Sunday 3 February 2013
Plan B
Just occasionally I feel the need to write a post that will
wind up on both my travel and photography blog and also on my e-learning blog. The last time I did this was in September
2011 when I was about to temporarily hang up my e-learning shoes to go and
spend a bit more time carrying a camera out in the wilds.
After spending most of the last 17 years around the Open
University, and the last 7 years leading the Learning Systems team at the OU, I
have decided that now is time to make some changes.
I’m going to be leaving the OU at the end of March, to look
for interesting new things do.
A number of people already know that I’m going to leave, and
the most common question I’ve been asked is “What are you going to do?”. My
stock answer is that “I’ve got lots of ideas, but no firm plans”.

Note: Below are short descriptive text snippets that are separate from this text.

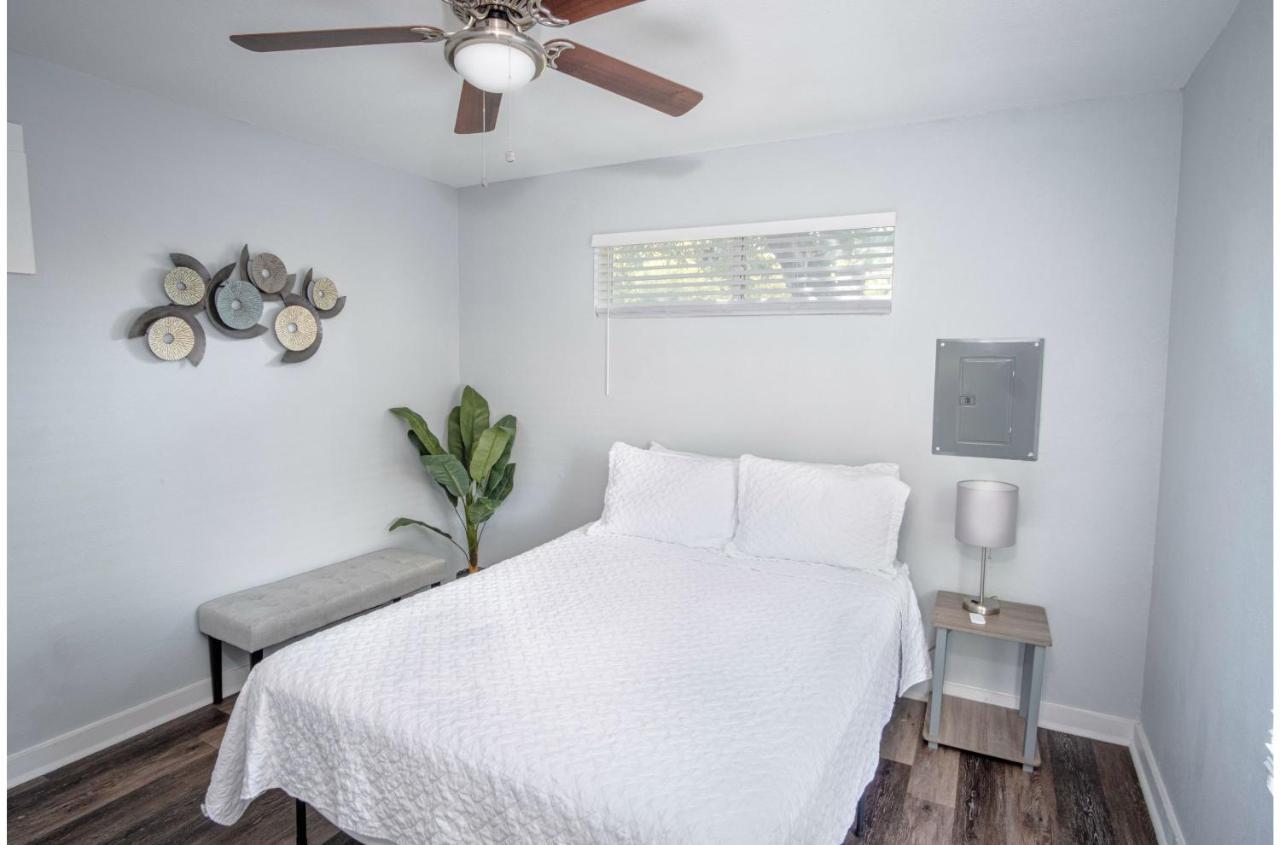 Remodeled Historic 1br1ba House Near Downtown Apartment *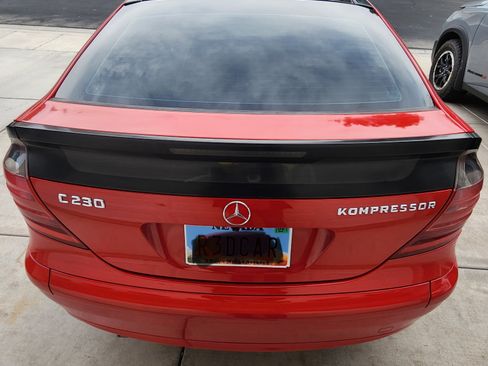 Used 2002 Mercedes-Benz C 230 Coupe image 2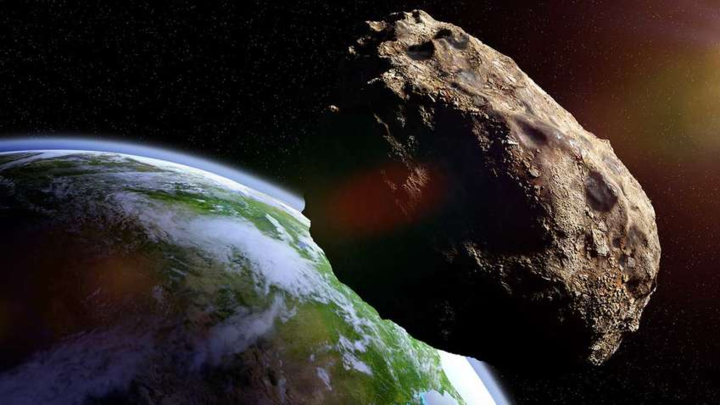 К Земле приближается астероид размером с пирамиду Хеопса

I’m certainly intending to try and achieve a better work-life
balance, or perhaps more critically a better desk-wilderness balance. During my six months away I was able to spend
a lot of time outdoors – mostly in cold, bleak places – and I do want to find
ways of continuing to do that for rather more of the year than is possible even
with the generous annual leave allocation I’ve been getting at the OU.
I do still want to be involved in using web technologies to transform
education. I’ve been fortunate in being
able to contribute to a large number of interesting educational technology projects
over the last ten years and I’m keen to continue to make use of that
experience.
I’ve also talked with lots of people about travel and
photography in the far North and the far South, and I’m keen to continue to do
that. I also want to help people make
better use of the cameras they’re carrying and to add to my own photographic
portfolio.
So, if I you think I might be able help you do e-learning or
educational technology projects better, do get in touch. Or if you want to hear more about some of the
places I’ve been to or think I can contribute to projects in cold and/or remote
places, get in touch.
Anything interesting considered. Well, as long as it’s legal.